The Proteome: It's a bit more complex than any of us would like

The biology 101 description of protein synthesis usually goes as follows:

RNA polymerase transcribes DNA into messenger RNA (mRNA).

mRNA is bound by a ribosome.

Bada bing bada boom.

Protein!

Except, there’s a lot of stuff that happens in-between the creation of mRNA and the translation of that message by a ribosome.

And much like DNA transcription, there are MULTIPLE levels of regulation that occur on the cellular level to make sure that the right proteins are made at the right time!

With that in mind, it's also important to note that mRNA abundance is not directly correlated with protein abundance for approximately 30% of genes.

So, just having mRNA around doesn’t necessarily mean that a protein is going to be made!

What the heck is going on here?

Translation Initiation: This is the first and arguably most regulated step! For an mRNA to be translated it has to be found and bound by a ribosome. Except ribosomes aren’t just bouncing around the cytoplasm (or endoplasmic reticulum) looking for naked mRNAs! Ribosomes are actually recruited by other other factors like the cap binding protein complex eIF4F (eukaryotic translation initiation factors) and the Poly-A Binding Protein (PABP) that binds the mRNA tail. These two protein complexes circularize the mRNA. That way, when a ribosome gets to the end, it’s back at the beginning to start all over again! However, this circularization process is highly regulated and even when a ribosome does find its way to one of these RNAs, there’s no guarantee that it will actually be translated! The ribosome itself is regulated, and for it to start the process of scanning for the translation initiation codon (the start site) it must be bound by a methionine loaded tRNA!

Translation Elongation: This is the phase of translation where all of the amino acids are added to the growing protein chain. However, how quickly those amino acids are added can be regulated and this can affect how much protein is made from any one message!

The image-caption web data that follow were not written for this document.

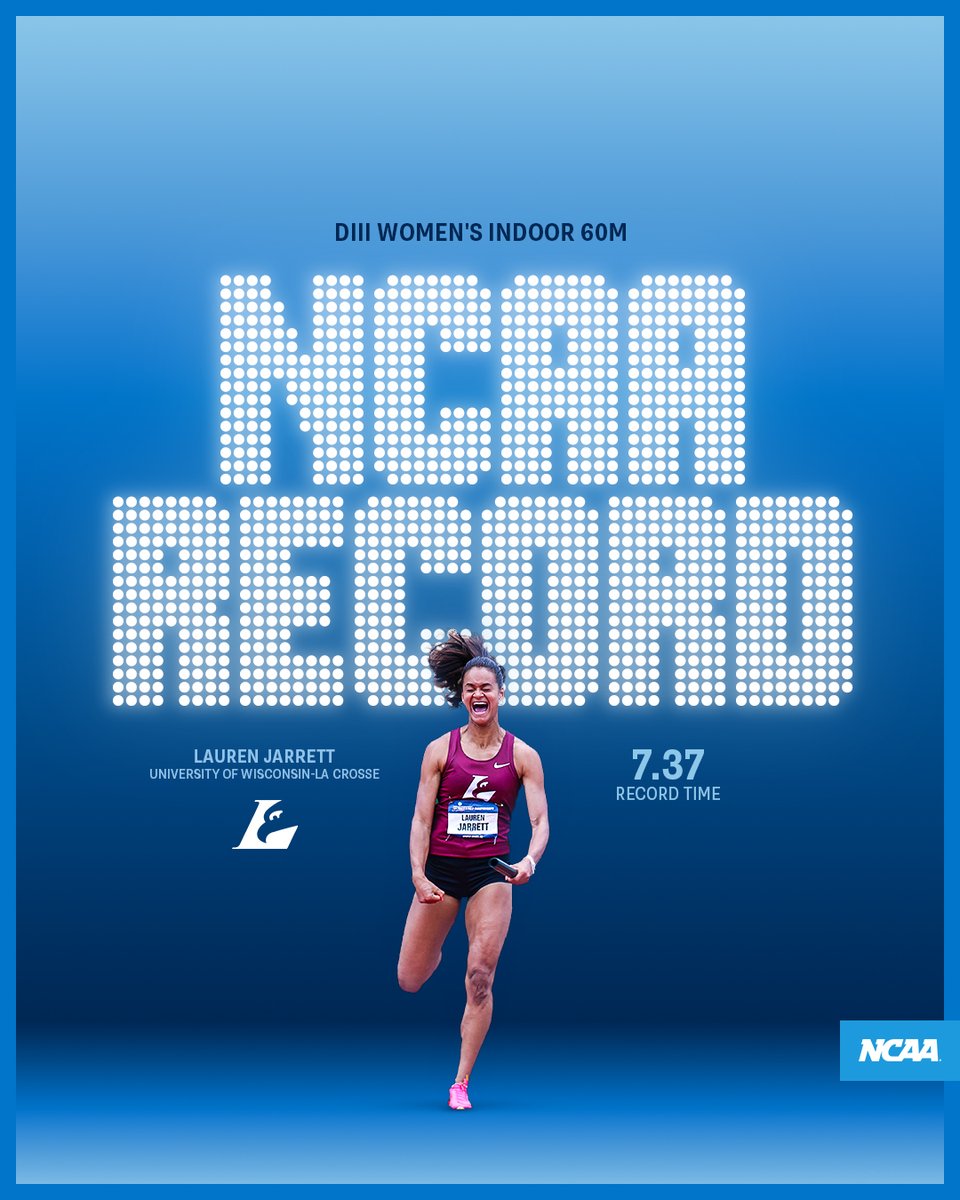 NCAA (@ncaa) on Twitter photo Lauren Jarrett opened the <a href="/UWLAthletics/">UWL Athletics</a> indoor season with a new <a href="/NCAADIII/">NCAA Division III</a> record‼️💪 Lauren Jarrett opened the <a href="/UWLAthletics/">UWL Athletics</a> indoor season with a new <a href="/NCAADIII/">NCAA Division III</a> record‼️💪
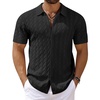 image:imageCOOFANDY Mens Knit Short Sleeve Shirts Button Down Vintage Knitted Polo Shirt Casual Beach Crochet Cable Vacation ShirtBlack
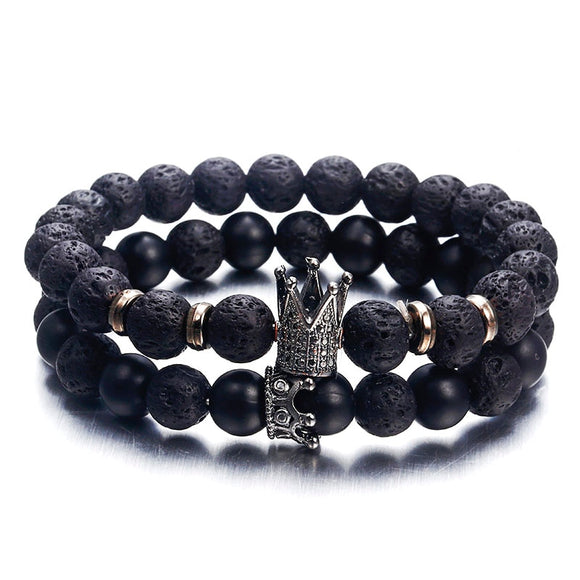 Lava Stone Pave Imperial Crown And Helmet Charm Bracelet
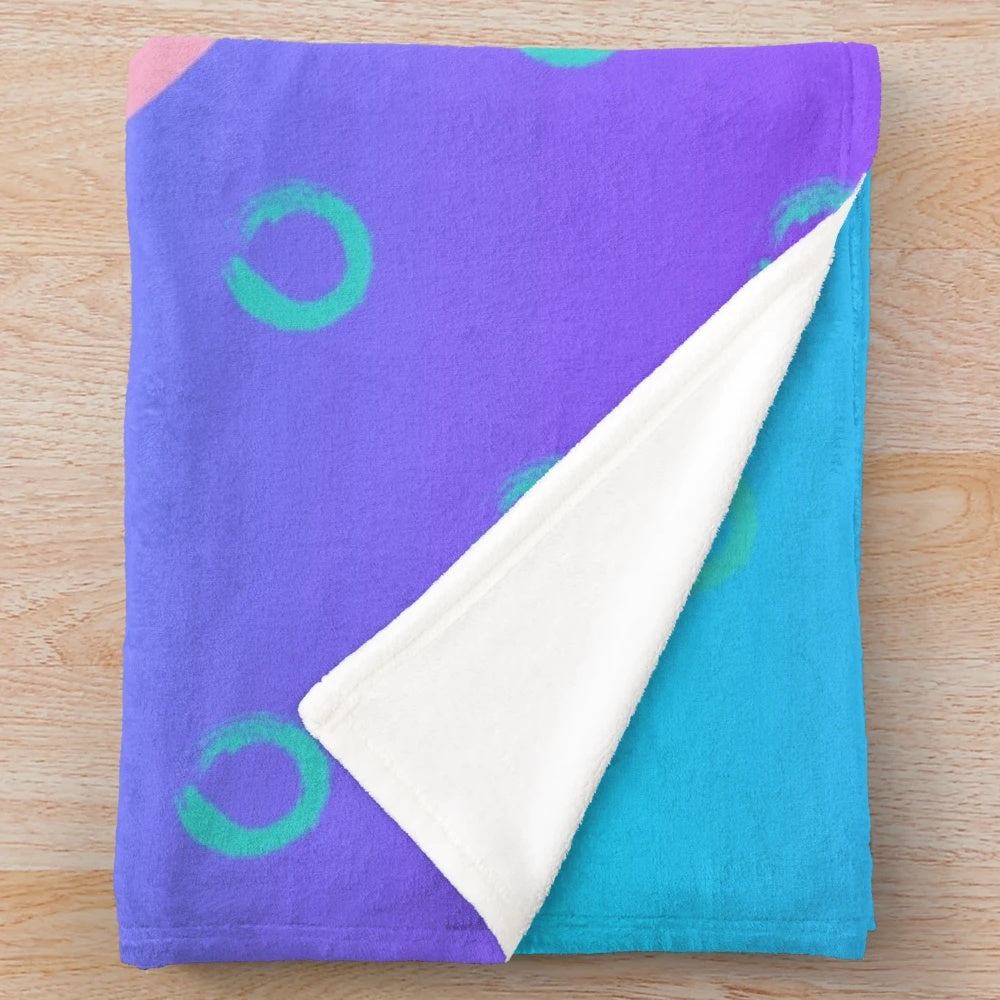 Cute girl character with angel wings on a plush blanket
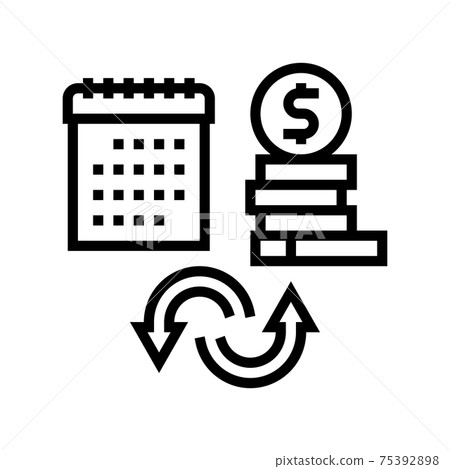 social security benefit allowance line icon vector illustration 75392898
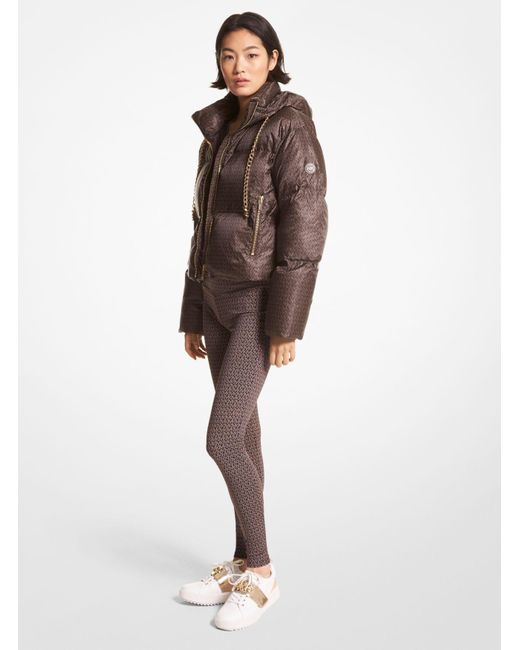 Michael Kors Brown Logo Quilted Puffer Jacket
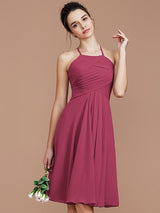 Elegant Halter Sleeveless Short/Mini Chiffon Bridesmaid Dresses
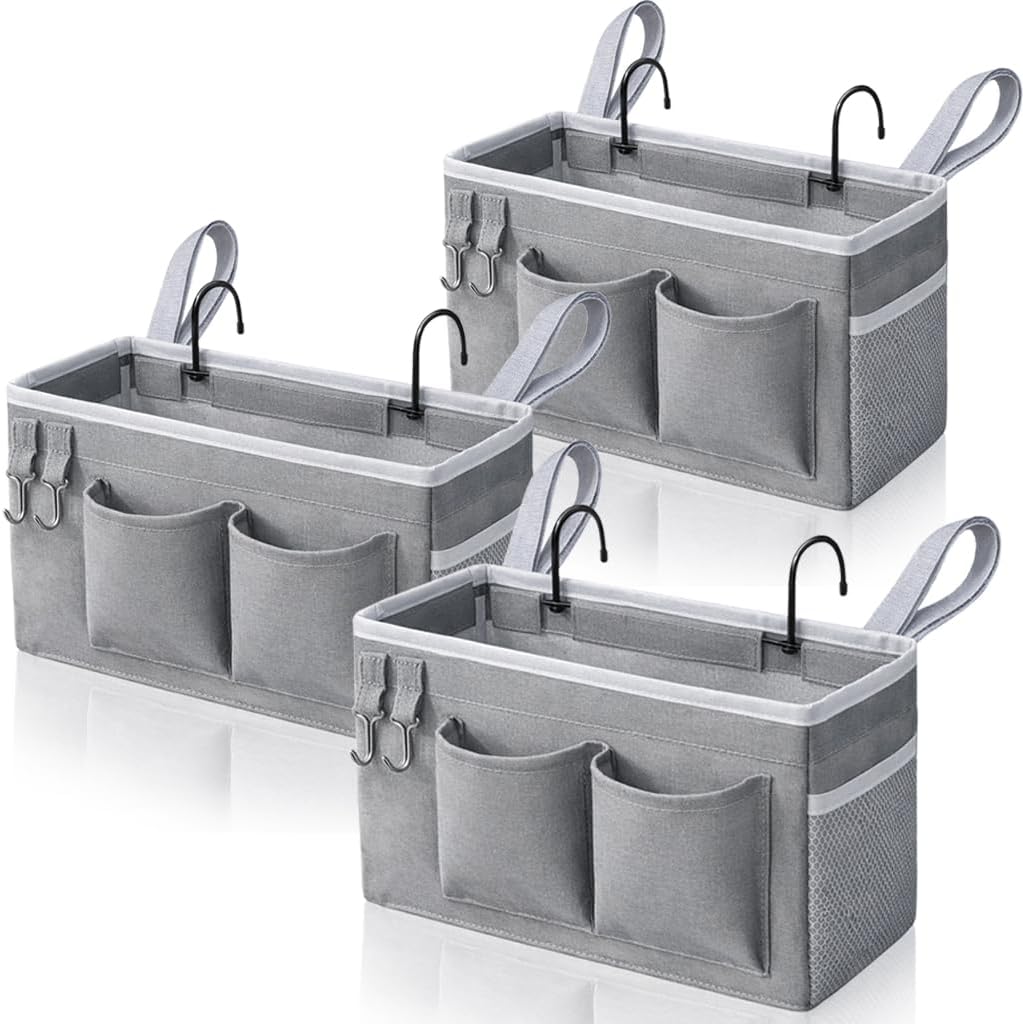 Kanrichu 1pcs Bedside Caddy Hanging Storage Bag, Organizer Baskets with Pockets for Bunk Bed Accessories, Loft & Dorm Rooms Chair Bed Rails (Grey-1pcs)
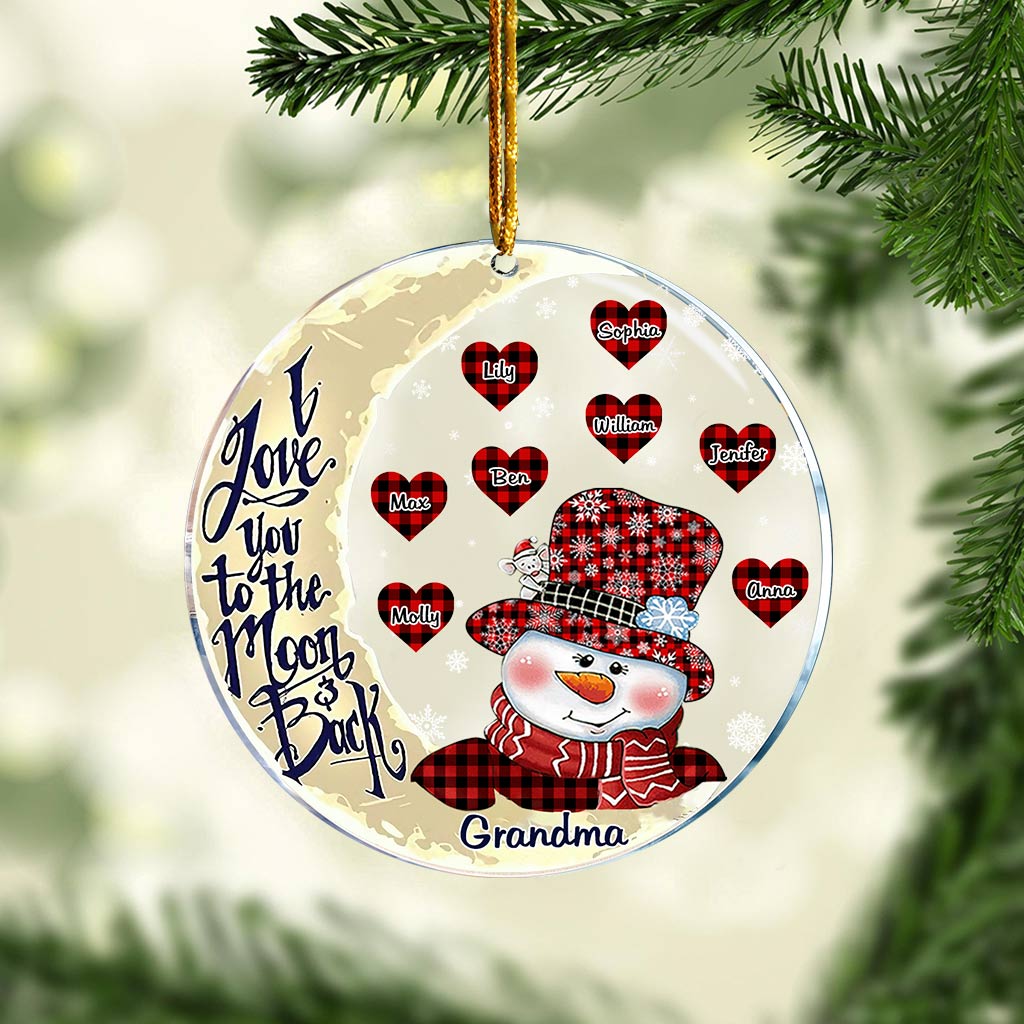 I Love You To The Moon - Gift for grandma, grandpa, mom, dad - Personalized Ornament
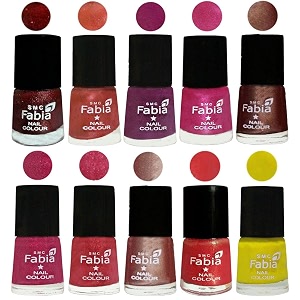 nail paint  glossy amp shine nail polish combo 6 ml each - set of 10 multicolor04966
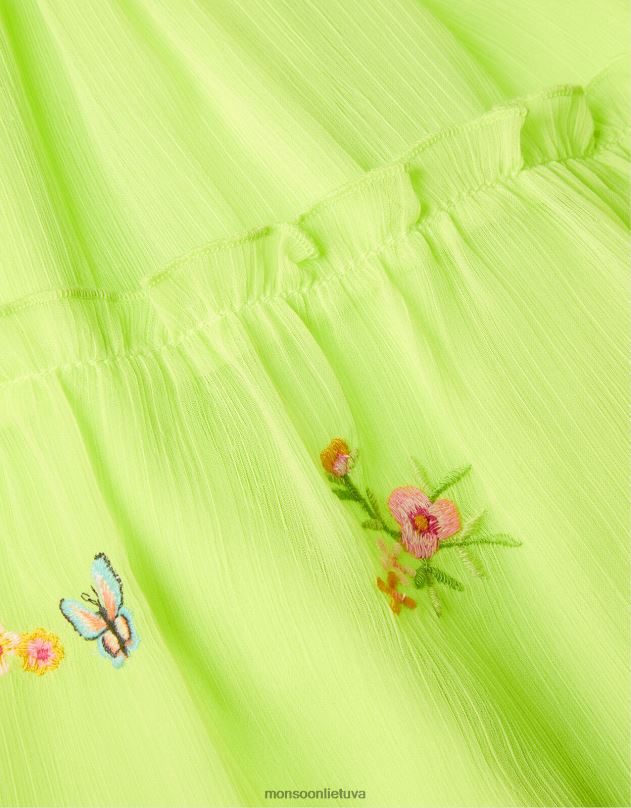 Monsoon siuvinėta pūstomis rankovėmis drugelio suknelė mergina žalias (laimas) apranga DPXBJ1865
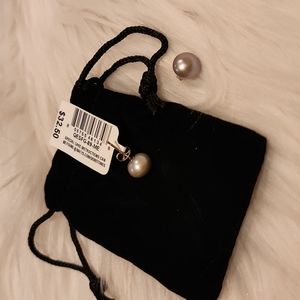 Belle de Mer Cultured Freshwater Button Pearl (8-9mm) Stud Earrings in Gray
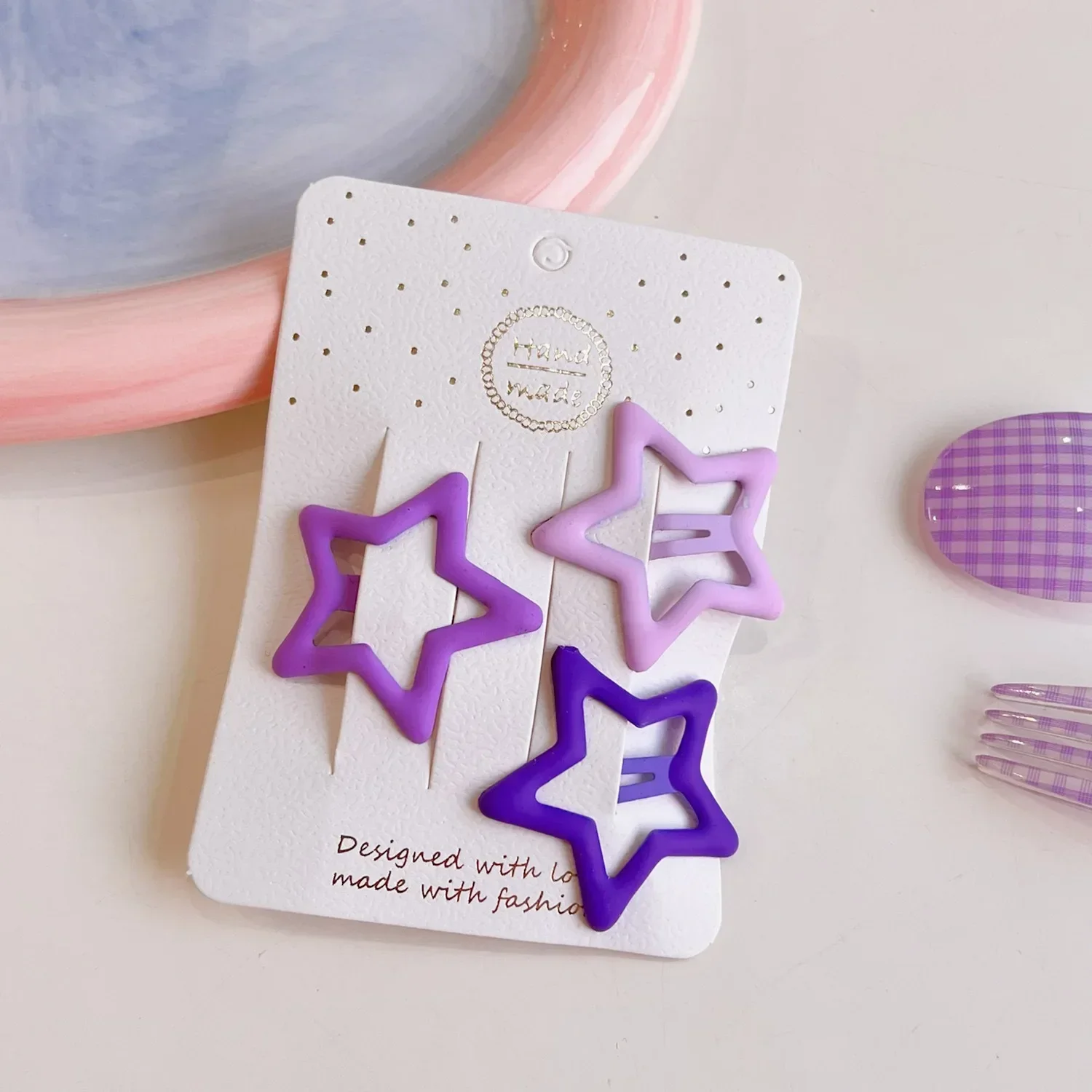 3 unids/set de Clips BB morados para niñas, pinzas para el cabello con forma de estrella básica dulce y bonita para niñas, sombreros para niños, tocado, accesorios para el cabello - imagen 5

Location, Location, Location: Whether an mRNA is translated into protein depends a lot on where it is! This makes sense and is an important factor in the regulation of translation. If an RNA is no longer needed, it can be bound by factors that bring it to a processing body (P-body) for decay. These are little areas within the cytoplasm where RNAs are decapped and chopped up by nucleases. But if a cell doesn’t want to destroy an RNA, it can save it for later by moving it to a stress granule (like a p-body, just with less chopping!). This usually happens during stressful situations and translation can be completed when conditions improve.

microRNAs: These are small pieces of RNA that bind to the 3’-UTR (Untranslated Region) of an mRNA and mark it for death by the RNA-induced Silencing Complex (RISC). If an RNA is disappeared, it can’t be translated!